Hatfill fought back, holding a public press conference at which he denied any connection to the anthrax attacks. He has rallied sections of the ultra-right to his defense. His press spokesman and close friend, Pat Clawson, is a former CNN journalist who now works on the radio talk show of right-wing activist and Iran-Contra plotter Oliver North. The right-wing propaganda outfit Accuracy in Media hosted his press conferences and published statements denouncing the alleged FBI “persecution.” Senator Charles Grassley, an Iowa Republican, raised the issue in the Senate Judiciary Committee and wrote a letter of protest to Ashcroft, declaring, “‘ It is important that the government act according to laws, rules, policies, and procedures, rather than make arbitrary decisions that affect individual citizens.”

Perhaps the most significant intervention came from the editorial page of the Wall Street Journal, which denounced Rosenberg and Kristof for pressuring the FBI, and declared that the real culprit in the anthrax attacks was Iraq.
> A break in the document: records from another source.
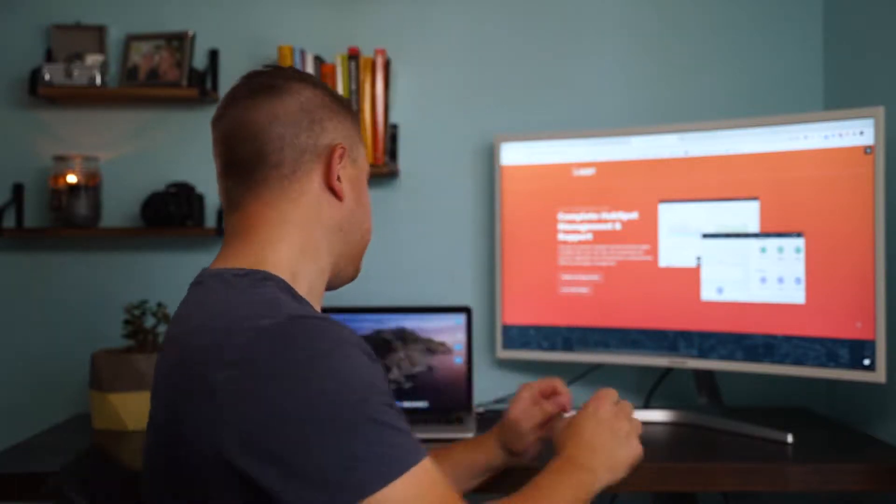Welcome to another one of our HubSpot tutorials. This is CJ with The Gist. We're an inbound marketing and growth agency and certified HubSpot solutions partner based in Buffalo, New York. Let's dive in.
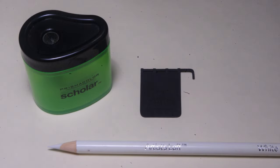Tamiya acrylics were used for painting, with number XF69 NATO black on the hanger, and XF85 rubber black on the mudflap. Brush painting is actually preferable for the mudflap, because the slightly textured surface of a brush finish, more closely matches the slightly rough surface of a real mudflap.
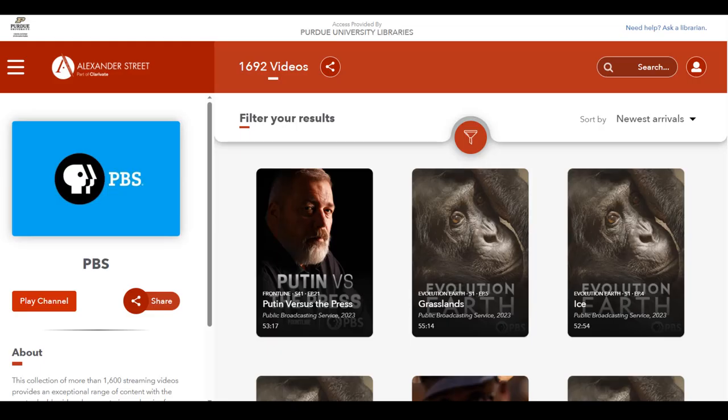First, let's take a look at the main page. If it looks familiar, that is because it is very similar to our other Alexander Street database, DocuSeq 2. If you know how to navigate that one, you should find this one to be very similar.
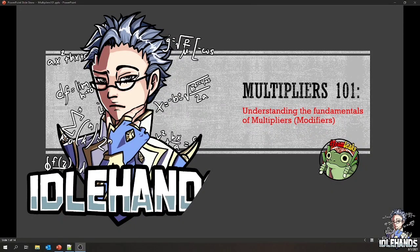Hey everyone, welcome back. Before we start, I just want to say thanks for participating in the previous exam that we've done. We received an overwhelmingly large amount of responses — about 200 people participated and this course looks fairly good. So thanks everyone for participating. Today we're back with another topic about the damage formula for ROM.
On October 9, the Baltimore Sun—one of the few daily newspapers to pursue the anthrax issue seriously—published a report claiming that Hatfill had lied repeatedly about his educational and employment record, including forging a bogus certificate for a Ph.D. from Rhodes University that he had not received.

Again, the double standard is staggering. Muslim and Arab immigrants were seized by federal authorities and detained indefinitely for missing deadlines for submitting routine paperwork that would never have been the occasion for arrest or prosecution before September 11.
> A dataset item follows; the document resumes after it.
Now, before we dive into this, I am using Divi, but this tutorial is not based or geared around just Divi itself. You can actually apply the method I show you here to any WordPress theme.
The anthrax attacks had extraordinary political significance. Daschle and Leahy are among the highest-ranking leaders of the official opposition party in Washington. Daschle is Senate majority leader, the top Democrat in Congress, while Leahy’s committee handles such politically sensitive issues as the confirmation of judicial nominees and legislation on abortion, criminal justice and civil rights.
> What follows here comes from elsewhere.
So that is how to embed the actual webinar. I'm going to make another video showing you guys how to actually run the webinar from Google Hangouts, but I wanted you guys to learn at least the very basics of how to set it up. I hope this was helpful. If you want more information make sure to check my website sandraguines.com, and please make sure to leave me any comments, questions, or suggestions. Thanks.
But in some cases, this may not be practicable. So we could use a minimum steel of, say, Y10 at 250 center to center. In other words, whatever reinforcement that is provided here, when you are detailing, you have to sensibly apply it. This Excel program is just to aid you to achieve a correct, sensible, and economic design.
During the first several days after an anthrax-laced letter was opened October 15, 2001 by a Daschle aide, sending spores into the ventilation system of the office building, the entire building had to be closed and cleaned, putting dozens of senators into temporary accommodations for several months. The Republican-controlled House of Representatives voted to adjourn indefinitely, and Senate Republican leader Trent Lott initially proposed that the Senate do likewise.

There is a curious coincidence between what Lott proposed and the decision by the Bush administration after the September 11 terrorist attacks to establish a shadow government in secret bunkers which would provide continuity in the event of a nuclear/chemical/biological attack that destroyed Washington DC. The shadow government was also limited to the executive branch, making no provision for the safeguarding or reconstitution of an elected legislature.

The political consequences of the anthrax terrorism and the Bush administration’s plans for a shadow government dovetailed completely. Both would have shut down the legislative branch and left the executive branch with virtually unrestricted power.

It was revealed last December that the anthrax spores in the Daschle and Leahy letters were genetically identical to those produced at US germ warfare facilities at Ft. Detrick, Maryland and Dugway, Utah. In other words, the Democratic Party leadership was targeted for assassination using weapons produced by (or stolen from) the American military itself. The whole affair exudes the stench of an attempted political coup.